This section includes an overview of various university data analytics research projects I have worked on, listed in reverse chronological order.
I am associated with a project of Professor Christopher O'Shea, University of Birmingham
Hybrid
Corresponding Author (Supervisor): Professor Christopher O'Shea
Ref. available on request
Joint research work supervised by Prof. Paul King (Data Science Project)
Abstract: This research project delves into the intricacies of road traffic accidents severity in the UK, employing a potent combination of machine learning algorithms, econometric techniques, and traditional statistical methods to analyse longitudinal historical data. Our robust analysis framework includes descriptive, inferential, bivariate, and multivariate methodologies, correlation analysis: Pearson’s and Spearman's Rank Correlation Coefficient, multiple and logistic regression models, Multicollinearity Assessment, and Model Validation. In addressing heteroscedasticity or autocorrelation in error terms, we've advanced the precision and reliability of our regression analyses using the Generalized Method of Moments (GMM). Additionally, our application of the Vector Autoregressive (VAR) model and the Autoregressive Integrated Moving Average (ARIMA) models have enabled accurate time-series forecasting. With this approach, we've achieved superior predictive accuracy, marked by a Mean Absolute Scaled Error (MASE) of 0.800 and a Mean Error (ME) of -73.80 compared to a naive forecast. The project further extends its machine learning application by creating a random forest classifier model with a precision of 73 per cent, a recall of 78 per cent, and an F1-score of 73 per cent. Building on this, we employed the H2O AutoML process to optimize our model selection, resulting in an XGBoost model that exhibits exceptional predictive power, as evidenced by an RMSE of 0.1761205782994506 and MAE of 0.0874235576229789. Factor Analysis was leveraged to identify underlying variables or factors that explain the pattern of correlations within a set of observed variables. Scoring history, a tool to observe the model's performance throughout the training process, was incorporated to ensure the highest possible performance of our machine learning models. We also incorporated Explainable AI (XAI) techniques, utilizing the SHAP (Shapley Additive Explanations) model to comprehend the contributing factors to accident severity. Features such as Driver_Home_Area_Type, Longitude, Driver_IMD_Decile, Road_Type, Casualty_Home_Area_Type, and Casualty_IMD_Decile were identified as significant influencers. Our research contributes to the nuanced understanding of traffic accident severity and demonstrates the potential of advanced statistical, econometric and machine learning techniques in informing evidence-based interventions and policies for enhancing road safety.

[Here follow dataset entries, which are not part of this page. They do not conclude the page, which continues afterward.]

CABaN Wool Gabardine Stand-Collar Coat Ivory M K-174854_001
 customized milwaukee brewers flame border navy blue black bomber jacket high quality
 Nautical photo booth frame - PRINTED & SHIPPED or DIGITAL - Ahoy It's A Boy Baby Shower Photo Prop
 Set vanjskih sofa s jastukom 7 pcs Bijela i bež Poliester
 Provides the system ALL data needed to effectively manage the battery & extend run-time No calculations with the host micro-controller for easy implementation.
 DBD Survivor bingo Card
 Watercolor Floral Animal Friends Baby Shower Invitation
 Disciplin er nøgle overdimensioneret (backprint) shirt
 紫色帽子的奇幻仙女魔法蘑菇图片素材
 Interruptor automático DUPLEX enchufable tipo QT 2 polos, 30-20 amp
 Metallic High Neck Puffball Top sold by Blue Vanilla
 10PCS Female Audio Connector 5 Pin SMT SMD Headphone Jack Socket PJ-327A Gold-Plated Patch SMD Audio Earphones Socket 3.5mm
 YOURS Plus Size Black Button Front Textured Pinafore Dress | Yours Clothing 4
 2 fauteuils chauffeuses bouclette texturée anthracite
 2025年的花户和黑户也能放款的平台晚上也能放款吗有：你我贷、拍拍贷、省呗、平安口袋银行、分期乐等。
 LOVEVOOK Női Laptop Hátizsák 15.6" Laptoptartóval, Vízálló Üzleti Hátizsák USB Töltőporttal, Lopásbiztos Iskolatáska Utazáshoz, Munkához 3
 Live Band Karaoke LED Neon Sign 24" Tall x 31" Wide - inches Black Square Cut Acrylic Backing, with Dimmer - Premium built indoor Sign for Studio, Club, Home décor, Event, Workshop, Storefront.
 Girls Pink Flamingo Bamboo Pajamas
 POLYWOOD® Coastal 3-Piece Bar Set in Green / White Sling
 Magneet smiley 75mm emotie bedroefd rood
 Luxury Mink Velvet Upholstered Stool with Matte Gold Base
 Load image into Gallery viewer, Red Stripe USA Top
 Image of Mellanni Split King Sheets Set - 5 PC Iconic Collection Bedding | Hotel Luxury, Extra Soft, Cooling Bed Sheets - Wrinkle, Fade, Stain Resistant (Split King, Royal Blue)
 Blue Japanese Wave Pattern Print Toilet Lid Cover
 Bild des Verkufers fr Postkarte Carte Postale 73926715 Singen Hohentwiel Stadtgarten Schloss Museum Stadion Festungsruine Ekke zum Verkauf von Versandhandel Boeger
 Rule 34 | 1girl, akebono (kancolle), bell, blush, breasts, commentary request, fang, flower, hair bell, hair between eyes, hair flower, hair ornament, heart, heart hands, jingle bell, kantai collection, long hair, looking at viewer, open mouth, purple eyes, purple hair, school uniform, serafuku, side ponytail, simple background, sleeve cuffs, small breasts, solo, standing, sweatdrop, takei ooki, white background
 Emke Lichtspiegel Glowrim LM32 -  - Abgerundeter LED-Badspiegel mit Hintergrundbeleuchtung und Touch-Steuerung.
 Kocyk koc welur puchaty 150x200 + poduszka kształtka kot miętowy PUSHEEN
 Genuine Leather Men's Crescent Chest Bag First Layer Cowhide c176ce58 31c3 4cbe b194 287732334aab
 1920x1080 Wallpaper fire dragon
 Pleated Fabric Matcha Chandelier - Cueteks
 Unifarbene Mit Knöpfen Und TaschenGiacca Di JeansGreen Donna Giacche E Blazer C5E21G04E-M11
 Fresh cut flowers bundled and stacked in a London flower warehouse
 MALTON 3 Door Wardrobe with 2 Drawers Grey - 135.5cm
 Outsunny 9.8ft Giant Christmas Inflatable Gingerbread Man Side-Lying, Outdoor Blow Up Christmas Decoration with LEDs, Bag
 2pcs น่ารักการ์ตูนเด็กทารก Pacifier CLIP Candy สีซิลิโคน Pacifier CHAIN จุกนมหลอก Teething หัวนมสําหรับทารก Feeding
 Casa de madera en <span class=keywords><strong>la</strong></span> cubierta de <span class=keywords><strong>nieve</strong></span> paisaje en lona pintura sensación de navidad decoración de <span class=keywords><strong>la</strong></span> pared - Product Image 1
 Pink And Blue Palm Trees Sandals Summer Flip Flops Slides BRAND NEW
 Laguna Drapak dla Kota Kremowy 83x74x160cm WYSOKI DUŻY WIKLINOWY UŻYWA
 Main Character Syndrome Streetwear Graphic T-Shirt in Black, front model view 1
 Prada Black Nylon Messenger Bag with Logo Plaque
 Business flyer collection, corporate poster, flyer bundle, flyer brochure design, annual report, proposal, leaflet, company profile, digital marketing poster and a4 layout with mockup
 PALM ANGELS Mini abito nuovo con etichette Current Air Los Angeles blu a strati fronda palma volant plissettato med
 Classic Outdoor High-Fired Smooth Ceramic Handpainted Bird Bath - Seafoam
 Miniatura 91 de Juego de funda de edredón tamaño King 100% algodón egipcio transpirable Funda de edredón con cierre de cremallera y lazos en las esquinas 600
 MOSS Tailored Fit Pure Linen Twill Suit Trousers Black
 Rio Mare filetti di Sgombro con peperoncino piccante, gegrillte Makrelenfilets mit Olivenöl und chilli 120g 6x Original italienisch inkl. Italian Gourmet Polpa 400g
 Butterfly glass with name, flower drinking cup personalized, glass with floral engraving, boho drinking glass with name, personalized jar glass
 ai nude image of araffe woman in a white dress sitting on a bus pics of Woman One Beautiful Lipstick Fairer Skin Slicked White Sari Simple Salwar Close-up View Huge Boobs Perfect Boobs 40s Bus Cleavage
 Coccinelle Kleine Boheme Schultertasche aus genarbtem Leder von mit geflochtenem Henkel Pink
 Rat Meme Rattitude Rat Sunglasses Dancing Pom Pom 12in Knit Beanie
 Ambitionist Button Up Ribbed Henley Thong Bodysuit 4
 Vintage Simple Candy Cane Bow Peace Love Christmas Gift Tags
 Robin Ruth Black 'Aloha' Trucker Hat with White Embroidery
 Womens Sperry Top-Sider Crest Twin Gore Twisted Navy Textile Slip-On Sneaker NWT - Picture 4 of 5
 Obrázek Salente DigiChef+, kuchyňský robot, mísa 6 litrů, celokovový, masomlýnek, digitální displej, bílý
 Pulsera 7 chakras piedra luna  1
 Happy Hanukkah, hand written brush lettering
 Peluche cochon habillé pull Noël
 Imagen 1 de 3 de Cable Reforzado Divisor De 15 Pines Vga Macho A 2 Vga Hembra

Supervised by Prof. Jeremy Levesley (Data Analytics for E-sports Project)
Abstract: The objective of this project is to strengthen the creditworthiness of the e-sports sector by creating a predictive model to anticipate the revenue/profit from item sales. Machine learning methods are used to create a regression model for making future predictions after analysing the data from the previous few years using Python-based data-driven technology. The dataset includes variables like game, earnings, player count, tournament count, date, and merchandise profit. I analysed the data and evaluated the model's precision using statistical tests, feature correlation analysis, and visualisations. By forecasting upcoming merchandise sales and revenue, the results of the developed model can be used to improve the financial health of the e-sports industry. Thus, stakeholders can take data-driven decisions to assist the eSports sector, and increase their revenue and profitability.